Climate change is shrinking and fragmenting salmon habitat

American Geophysical Union

As rivers dwindle across the Pacific Northwest, chinook salmon nesting sites and fingerling habitats are shrinking and becoming harder to get to, a process detailed in a new study in AGU’s Geophysical Research Letters. Credit: Lynn Ketchum

Salmon famously travel hundreds of miles upstream to reach their home waters to spawn, but climate change is shrinking their destination. A new study offers high-resolution details on how Chinook salmon habitats are being lost on Bear Valley Creek, a headwater stream of the Salmon River in central Idaho.

The study, published today in the AGU journal Geophysical Research Letters, suggests lower water volumes and warming temperatures are dramatically shrinking spawning beds and nurseries for the culturally and economically important fish. Researchers predict salmon here could lose nearly half their total habitat in this river as soon as 2040 due to an estimated 50% decrease in river discharge.

Daniele Tonina, lead author of the new study and a professor of ecohydraulics at the University of Idaho, and colleagues examined a 14-kilometer stretch of Bear Valley Creek, which is known for hosting a robust population of Chinook salmon. With a wide valley, meandering main river and cozy side-streams, the site is representative of ideal salmon habitats in the Pacific Northwest.

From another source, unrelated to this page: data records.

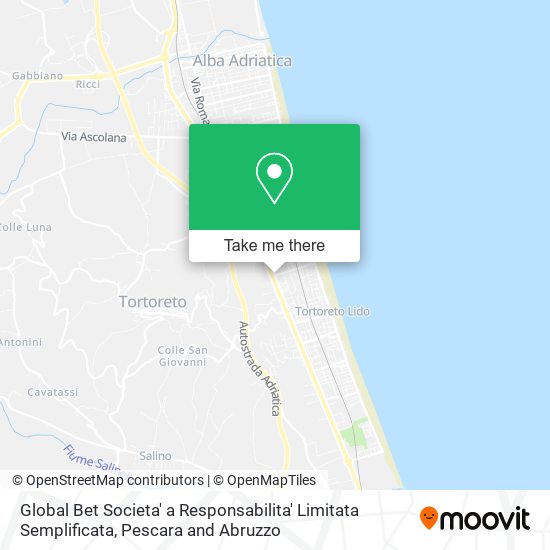 Global Bet Societa' a Responsabilita' Limitata Semplificata map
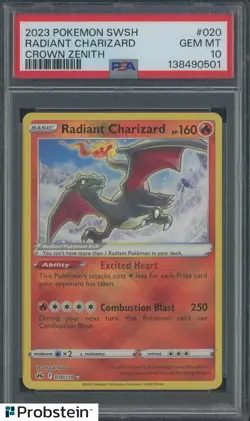 2023 Pokemon SWSH Crown Zenith #020 Radiant Charizard PSA 10 GEM MINT - Image 1
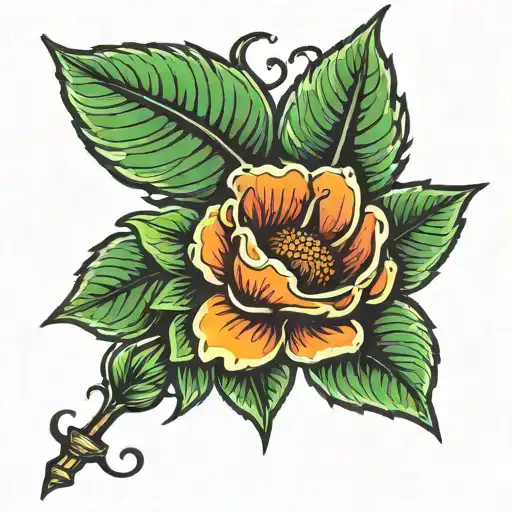 flower with word in stem wild thing  tattoo design idea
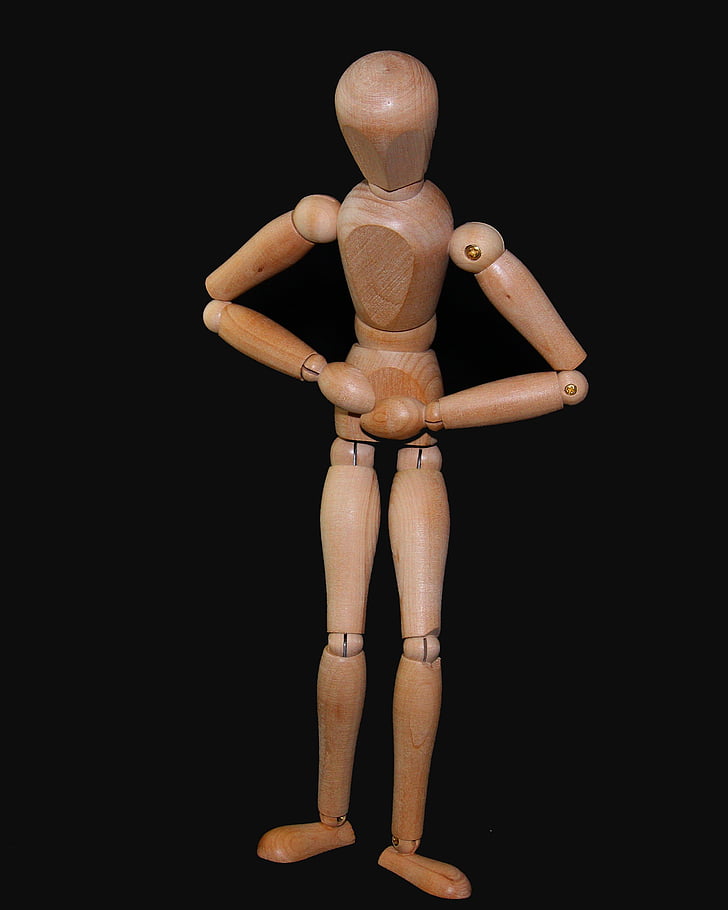 figure, man, stand, bellyache, stomach ache, doll, holzfigur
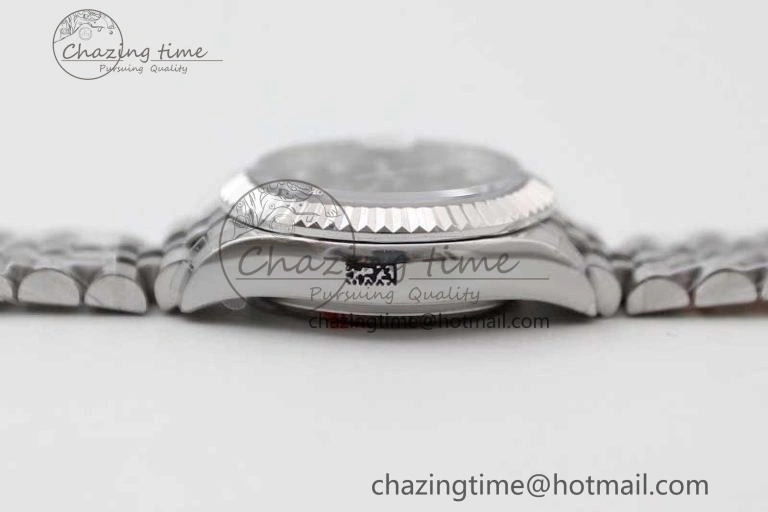 Lady DateJust 28 SS TWF 1:1 Best Edition 904L Steel Black Dial Diamonds Markers on President Bracelet NH Affordable 10205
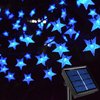 Abkshine Solar Powered Blue Star String Lights, 55ft Total Length, 4.9 Inch Distance Between LED Bulbs, Waterproof, Auto On/Off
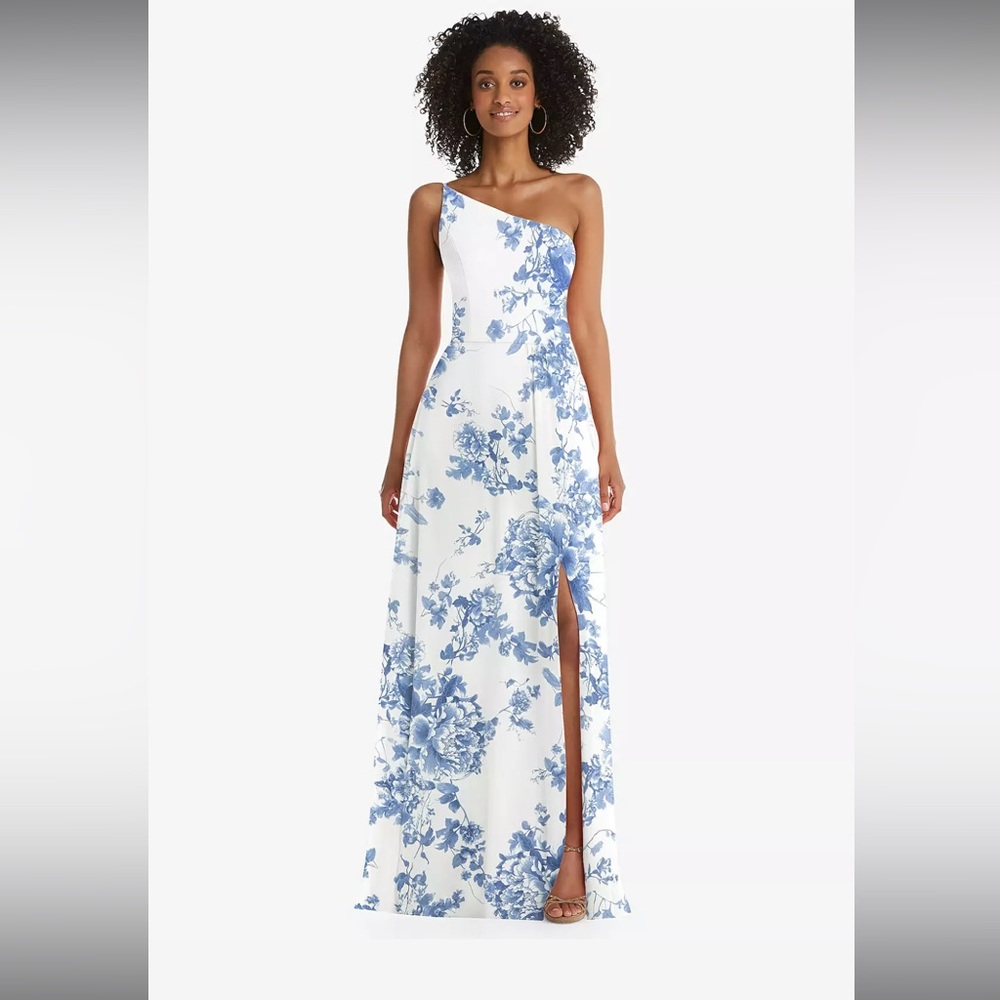 ONE-SHOULDER COTTAGE ROSE DUSK BLUE BRIDESMAID DRESS - AFTER SIX COLLECTION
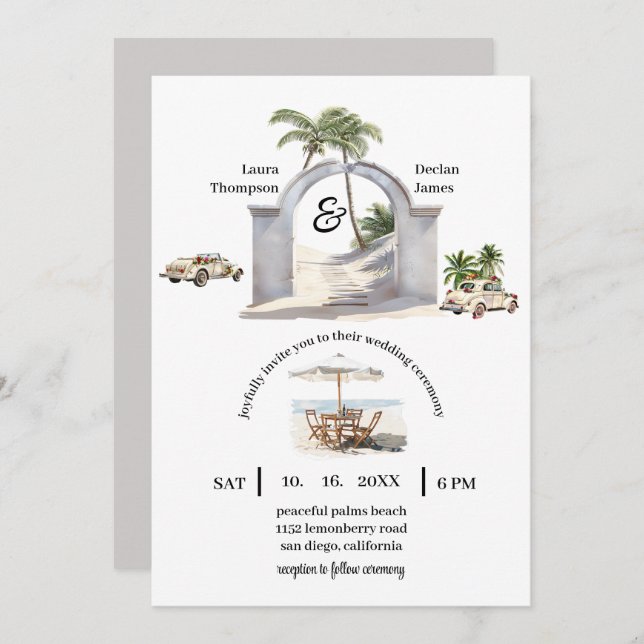 Vintage Seaside Palm Tree Boho  Beach Wedding Invitation (Front/Back)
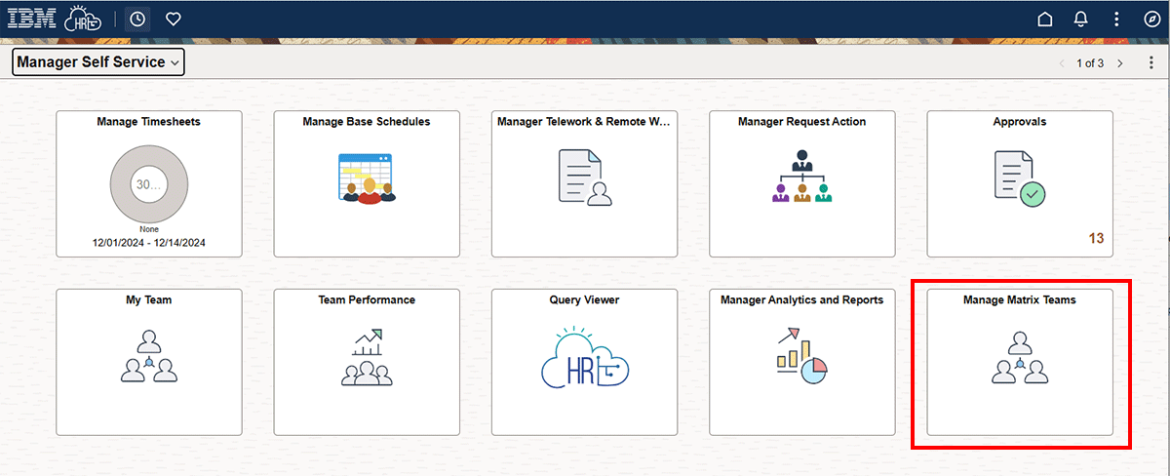 Screenshot showing Manage Matrix Teams tile highlighted in red.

The team mapped the river’s channels and floodplain using a kind of remote, 3D laser scanning, or LiDAR, that uses green-wavelength lasers to see into shallow aquatic environments. They then used 60 years of historical stream-flow data, from 1957 to 2016, from stream gauges at eight nearby streams to calculate trends in the annual summer discharge, a critical time for fish survival. Using three different hydrologic models to combine the river features and predicted discharge until 2090, they estimated changes to salmon habitat both in the past and over the coming decades.

Over the historical study period, summer stream flow volume dropped by 19%, and it slowed by 17%. That means less overall area suitable for salmon nests and a loss of off-channel havens for fingerlings as side-streams get cut off from the main channel. About 20% of this critical off-channel habitat was already lost over the 60-year period, the study estimated. The salmon lost 23% of their spawning habitat as well.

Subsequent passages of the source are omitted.